- **Data**

────────

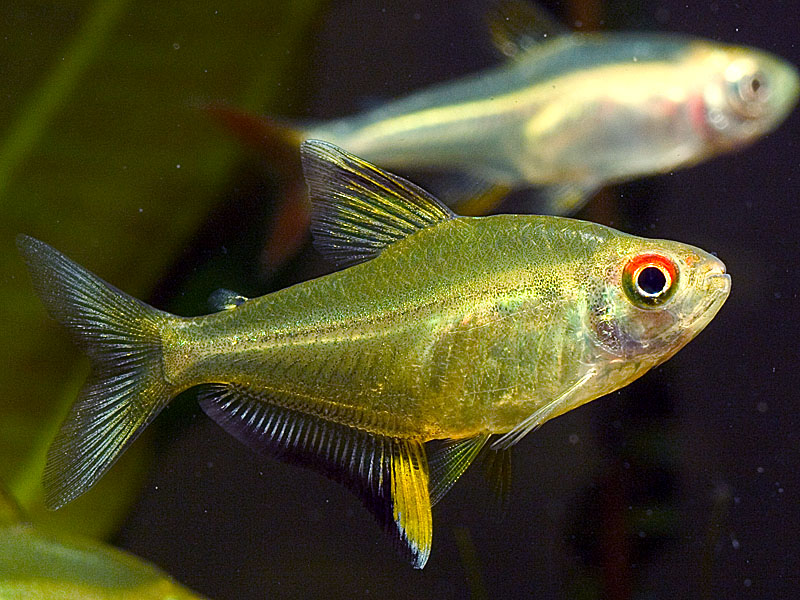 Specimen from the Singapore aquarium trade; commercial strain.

────────

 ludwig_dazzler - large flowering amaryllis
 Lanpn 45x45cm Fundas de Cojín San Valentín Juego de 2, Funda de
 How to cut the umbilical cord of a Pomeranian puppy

────────

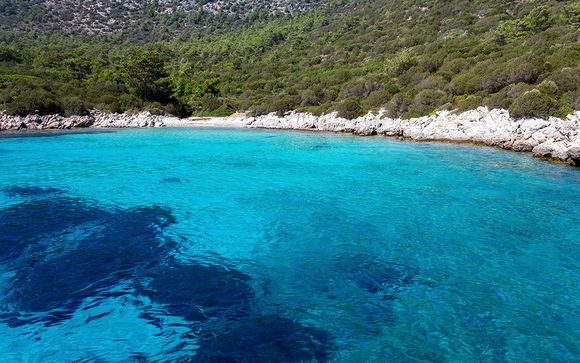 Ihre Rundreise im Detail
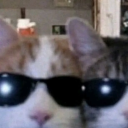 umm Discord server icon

────────

- **Required action**
Extract the part of the records that opens with the line containing "Ihre Rundreise im Detail" and closes with the line containing "umm Discord server icon". Take only those lines, exactly, and no pictures.

- **Response below**
 Ihre Rundreise im Detail
 umm Discord server icon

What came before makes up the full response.